The two series we compared:

\[ \sum a_n = \sum_{n=1}^{\infty} \dfrac{1}{3^n-1}\qquad \text{and}\qquad \sum b_n = \sum_{n=1}^{\infty} \dfrac{1}{3^n} \]

satisfy the necessary conditions for \(n\geq 1\) (including the limit existing and being greater than 0). Since \(\sum b_n\) converges, we conclude that our original series \(\sum a_n\) converges as well by the Limit Comparison Test.

Example 2#

Determine if the following series is convergent or divergent.

\[ \sum_{n=1}^{\infty} \dfrac{\sqrt{2n^3+1}}{5n^3-2n} \]

(Click to see the steps.)

We first need to decide which series we are going to compare this to. We do this, by only using the dominant terms in the numerator and denominator:

\[ \sum_{n=1}^{\infty} \dfrac{\sqrt{2n^3}}{5n^3} = \sum_{n=1}^{\infty} \dfrac{\sqrt{2}n^{3/2}}{5n^3} = \sum_{n=1}^{\infty} \dfrac{\sqrt{2}}{5}\cdot \dfrac{1}{n^{3/2}} = \dfrac{\sqrt{2}}{5}\cdot\sum_{n=1}^{\infty} \dfrac{1}{n^{3/2}} \]

We know this is convergent, since this is a constant multiple of a \(p\)-series with \(p=3/2>1\).

So this is going to be our choice for \(\sum b_n\).

We are comparing the two series \(\sum a_n\) and \(\sum b_n\) where:

\[ a_n = \dfrac{\sqrt{2n^3+1}}{5n^3-2n} \qquad \text{and}\qquad b_n = \dfrac{\sqrt{2n^3}}{5n^3} \]

  1. Positive Terms? Yes, every term in \(a_n\) and \(b_n\) is positive for \(n\geq 1\). Note that \( 5n^3-2n > 0\) for \(n\geq 1\).
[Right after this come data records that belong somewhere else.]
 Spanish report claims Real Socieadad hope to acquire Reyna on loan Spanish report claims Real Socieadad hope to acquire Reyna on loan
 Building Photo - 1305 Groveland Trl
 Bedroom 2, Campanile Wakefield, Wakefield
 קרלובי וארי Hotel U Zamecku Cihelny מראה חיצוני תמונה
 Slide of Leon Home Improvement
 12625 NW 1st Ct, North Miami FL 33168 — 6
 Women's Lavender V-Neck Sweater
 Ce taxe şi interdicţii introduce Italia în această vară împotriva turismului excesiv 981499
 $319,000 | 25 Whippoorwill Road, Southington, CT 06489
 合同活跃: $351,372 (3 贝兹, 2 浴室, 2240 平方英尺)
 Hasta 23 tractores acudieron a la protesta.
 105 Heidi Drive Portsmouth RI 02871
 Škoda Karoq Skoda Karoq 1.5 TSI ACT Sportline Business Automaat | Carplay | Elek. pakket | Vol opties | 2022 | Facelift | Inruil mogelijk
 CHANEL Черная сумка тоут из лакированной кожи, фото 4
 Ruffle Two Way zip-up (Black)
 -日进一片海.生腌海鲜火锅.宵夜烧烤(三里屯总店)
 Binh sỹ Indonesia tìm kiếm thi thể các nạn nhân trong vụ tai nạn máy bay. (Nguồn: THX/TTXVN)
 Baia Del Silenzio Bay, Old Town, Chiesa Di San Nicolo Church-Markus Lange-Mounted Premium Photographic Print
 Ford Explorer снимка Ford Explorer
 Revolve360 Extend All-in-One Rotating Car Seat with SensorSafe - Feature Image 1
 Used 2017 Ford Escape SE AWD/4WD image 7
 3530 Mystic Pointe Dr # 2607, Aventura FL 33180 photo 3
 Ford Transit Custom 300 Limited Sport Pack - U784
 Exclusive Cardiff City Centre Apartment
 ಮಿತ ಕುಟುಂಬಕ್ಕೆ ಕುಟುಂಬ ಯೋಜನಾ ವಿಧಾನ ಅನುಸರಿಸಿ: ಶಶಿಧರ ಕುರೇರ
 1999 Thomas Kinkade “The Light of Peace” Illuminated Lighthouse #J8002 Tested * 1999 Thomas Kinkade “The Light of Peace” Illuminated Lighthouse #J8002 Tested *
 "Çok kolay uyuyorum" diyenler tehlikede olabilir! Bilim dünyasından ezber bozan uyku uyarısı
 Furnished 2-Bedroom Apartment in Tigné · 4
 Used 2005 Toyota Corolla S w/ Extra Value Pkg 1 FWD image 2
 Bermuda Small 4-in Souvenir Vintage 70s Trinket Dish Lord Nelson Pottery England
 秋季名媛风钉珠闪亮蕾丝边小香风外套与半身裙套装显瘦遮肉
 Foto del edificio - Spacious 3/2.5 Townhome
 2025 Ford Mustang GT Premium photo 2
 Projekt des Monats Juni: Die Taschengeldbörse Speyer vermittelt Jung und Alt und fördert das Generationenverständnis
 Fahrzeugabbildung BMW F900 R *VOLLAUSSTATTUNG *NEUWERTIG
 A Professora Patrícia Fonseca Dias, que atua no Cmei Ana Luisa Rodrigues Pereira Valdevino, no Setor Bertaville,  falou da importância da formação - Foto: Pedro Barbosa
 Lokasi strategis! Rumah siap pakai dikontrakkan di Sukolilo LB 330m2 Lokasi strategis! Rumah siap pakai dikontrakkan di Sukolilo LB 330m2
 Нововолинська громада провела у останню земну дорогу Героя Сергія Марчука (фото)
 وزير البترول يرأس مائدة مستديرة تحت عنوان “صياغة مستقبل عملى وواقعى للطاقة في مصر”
  2. Limit: We next need to compute the limit:

\[\begin{split} \lim_{n\to \infty} \dfrac{a_n}{b_n} & = \lim_{n\to \infty} a_n \cdot \dfrac{1}{b_n} \\[10pt] & = \lim_{n\to \infty} \dfrac{\sqrt{2n^3+1}}{5n^3-2n} \cdot \dfrac{5n^3}{\sqrt{2n^3}} \\[10pt] & = \lim_{n\to \infty} \dfrac{\sqrt{2n^3+1}}{\sqrt{2n^3}}\cdot \dfrac{5n^3}{5n^3-2n} \\[10pt] & = \lim_{n\to \infty} \dfrac{\sqrt{2n^3+1}}{\sqrt{2n^3}}\cdot \lim_{n\to \infty} \dfrac{5n^3}{5n^3-2n} \\[10pt] & = \lim_{n\to \infty} \sqrt{\dfrac{2n^3+1}{2n^3}} \cdot \lim_{n\to \infty} \dfrac{5n^3}{5n^3-2n} \\[10pt] & = \sqrt{\lim_{n\to \infty} \dfrac{2n^3+1}{2n^3}}\cdot \lim_{n\to \infty} \dfrac{5n^3}{5n^3-2n} \\[10pt] & = \sqrt{\lim_{n\to \infty} \dfrac{\tfrac{2n^3}{2n^3}+\tfrac{1}{2n^3}}{\tfrac{2n^3}{2n^3}}}\cdot \lim_{n\to \infty} \dfrac{\tfrac{5n^3}{5n^3}}{\tfrac{5n^3}{5n^3}-\tfrac{2n}{5n^3}} \\[10pt] & = \sqrt{\lim_{n\to \infty} \dfrac{1+\tfrac{1}{2n^3}}{1 }}\cdot \lim_{n\to \infty} \dfrac{1}{1-\tfrac{2}{5n^2}} \\[10pt] & = \sqrt{ \dfrac{1+0}{1 }}\cdot \dfrac{1}{1-0} \\[10pt] & = 1 \\[10pt] \end{split}\]

Since this limit exists and is greater than \(0\), we are able to use the Limit Comparison Test.

The two series we compared:

\[ \sum a_n = \sum_{n=1}^{\infty} \dfrac{\sqrt{2n^3+1}}{5n^3-2n}\qquad \text{and}\qquad \sum b_n = \sum_{n=1}^{\infty} \dfrac{\sqrt{2n^3}}{5n^3} \]

satisfy the necessary conditions for \(n\geq 1\) (including the limit existing and being greater than 0). Since \(\sum b_n\) converges, we conclude that our original series \(\sum a_n\) converges as well by the Limit Comparison Test.